» Requirement
With pictures left out, retype the lines from the start of the records through the one that contains "Rubens. Judgement of".

Short text fragments from websites:
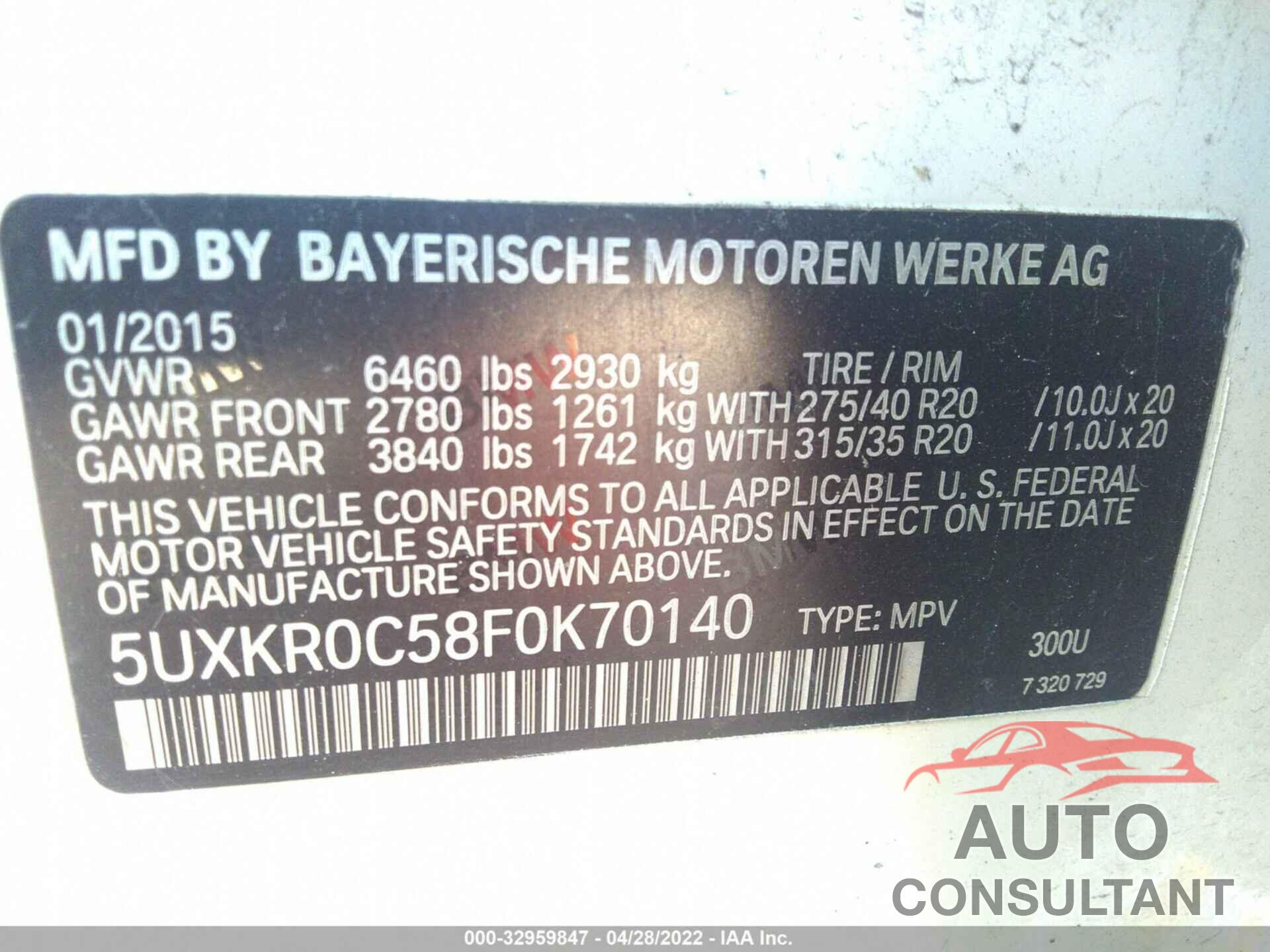 BMW X5 2015 - 5UXKR0C58F0K70140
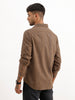 Slim Fit Textured Stripes Shirt | Brown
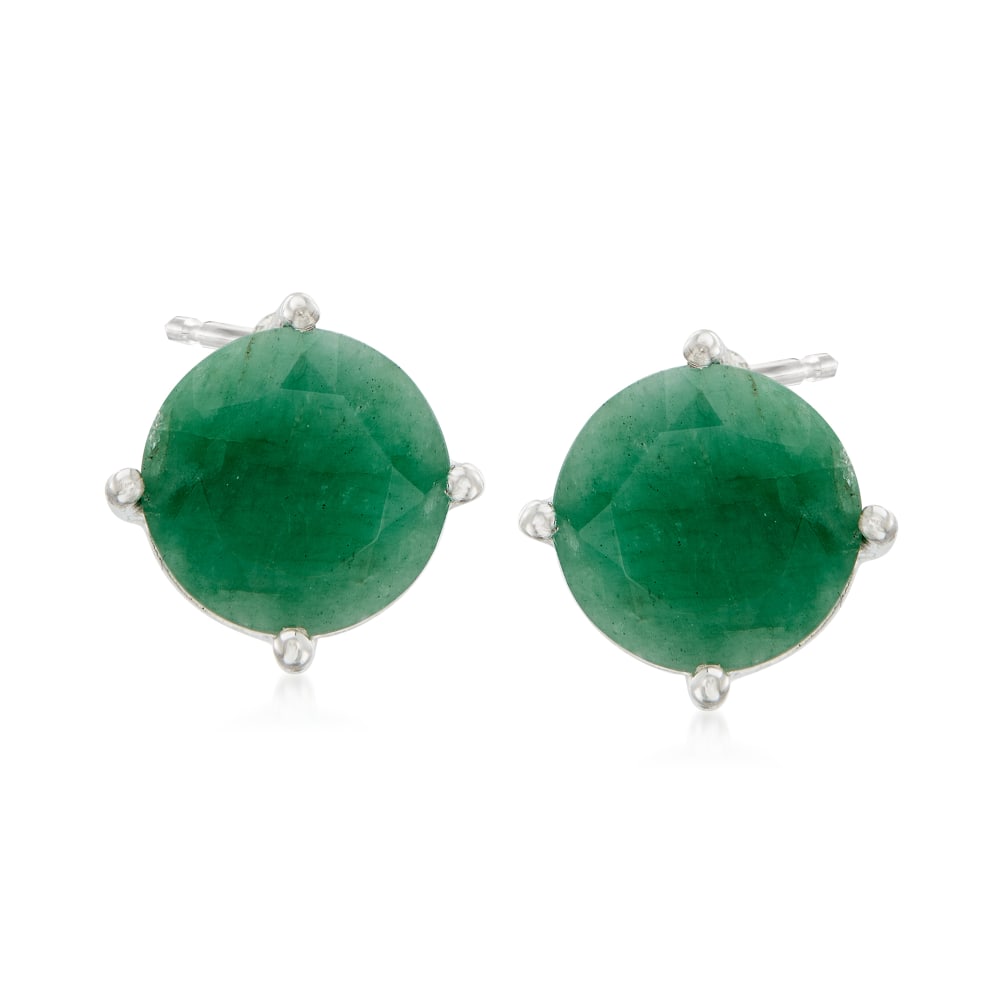 4.00 ct. t.w. Emerald Stud Earrings in Sterling Silver | Ross-Simons
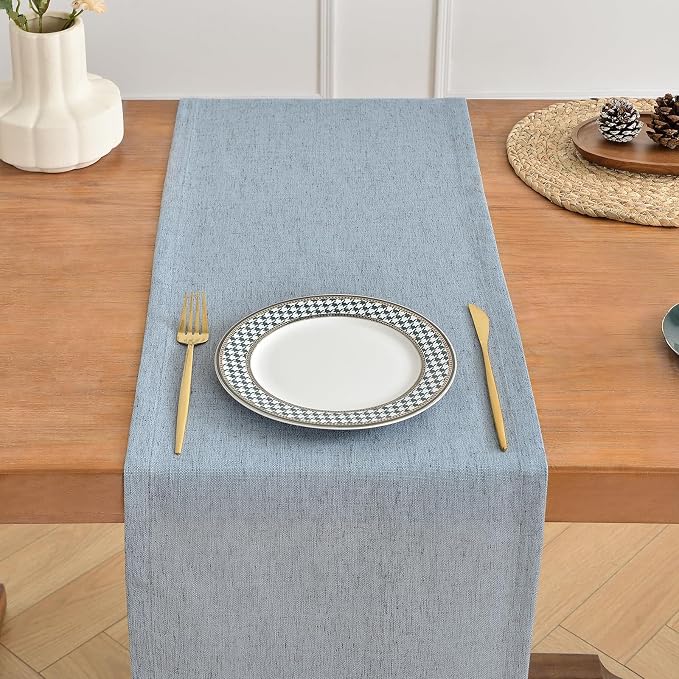 Wracra Linen Table Runner, Burlap Dusty Blue Table Runners 36 Inches Long | Rich Woven Linen Blend Fabric, Machine Washable, Rustic Farmhouse Handcrafted Table Runner for Dresser Dining Table Decor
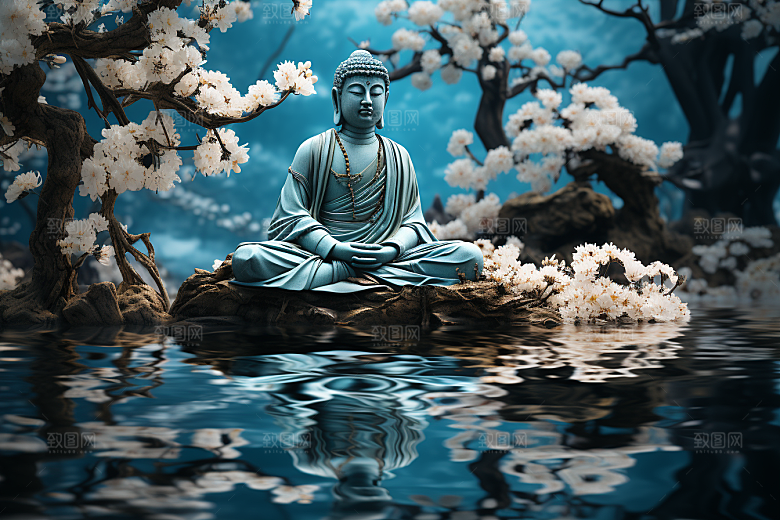 禅意佛像平和高清素材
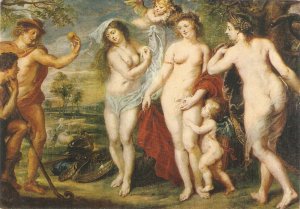 Rubens. Judgement of Paris Fine art, painting, modern Spanish postcard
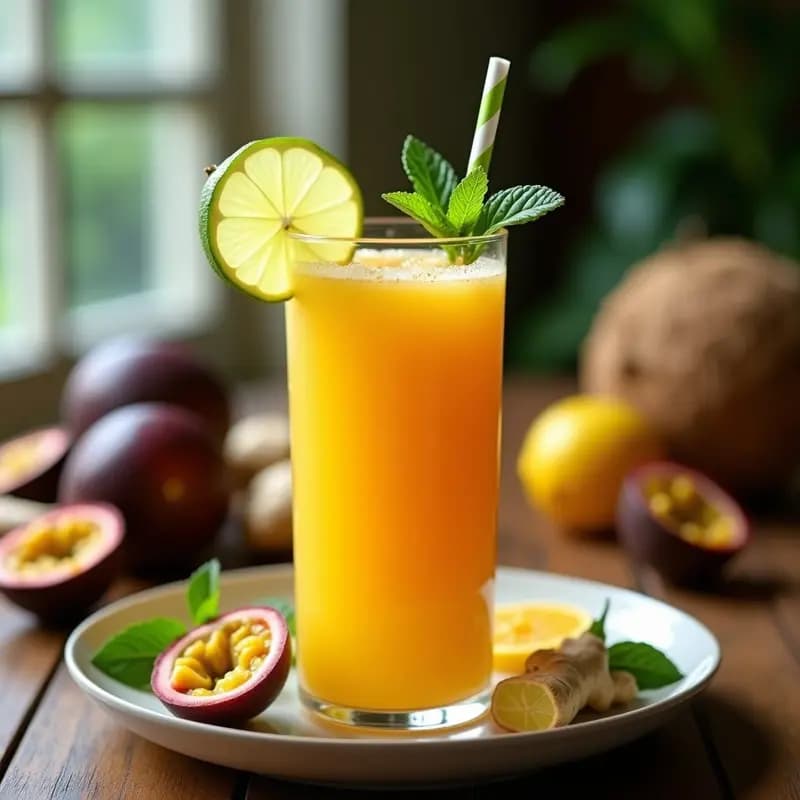 Jugo de Noni y Maracuyá: Bebida Hawaiana Antioxidante y Energizante Sin Azúcar
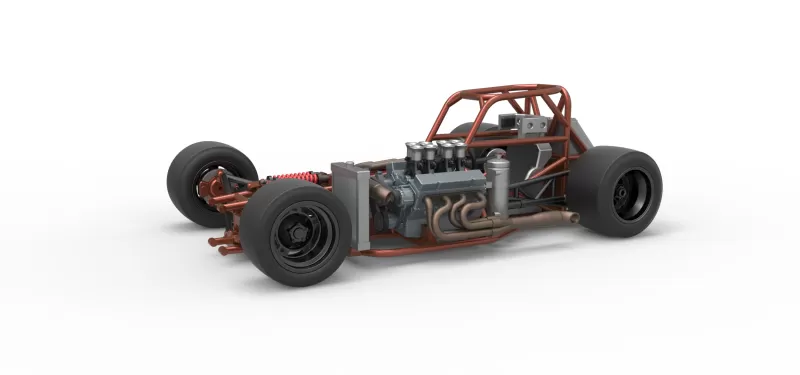 Supermodified front engine race car Base Version 3 Scale 1:25 - Model preview 1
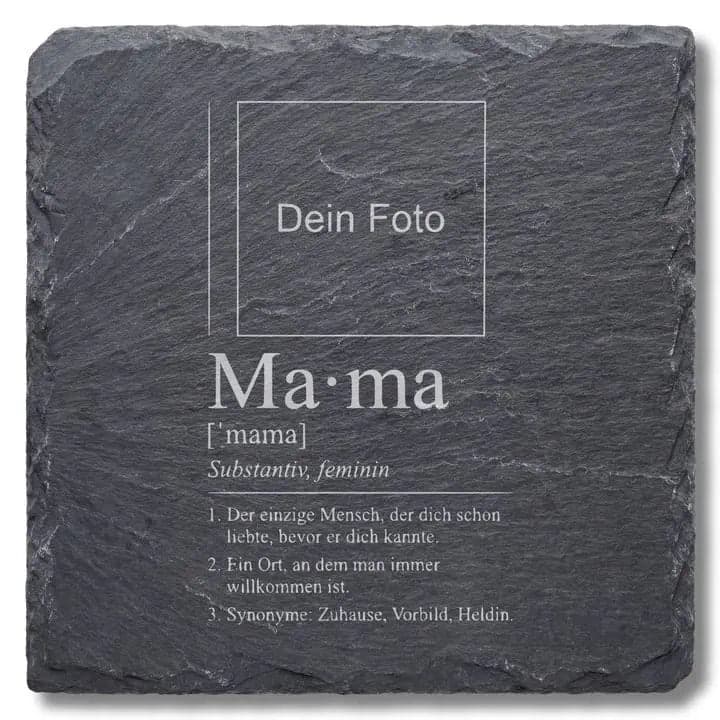 Schieferuntersetzer Mama Definition Foto – Geschenk Muttertag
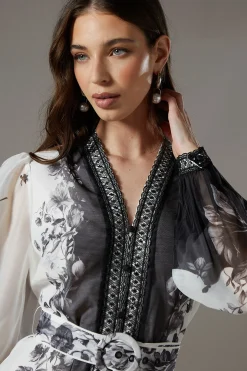 Robe Chemise en Organza Imprimé à Bordure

» Response below
 BMW X5 2015 - 5UXKR0C58F0K70140
 Slim Fit Textured Stripes Shirt | Brown
 4.00 ct. t.w. Emerald Stud Earrings in Sterling Silver | Ross-Simons
 Wracra Linen Table Runner, Burlap Dusty Blue Table Runners 36 Inches Long | Rich Woven Linen Blend Fabric, Machine Washable, Rustic Farmhouse Handcrafted Table Runner for Dresser Dining Table Decor
 禅意佛像平和高清素材
 Rubens. Judgement of Paris Fine art, painting, modern Spanish postcard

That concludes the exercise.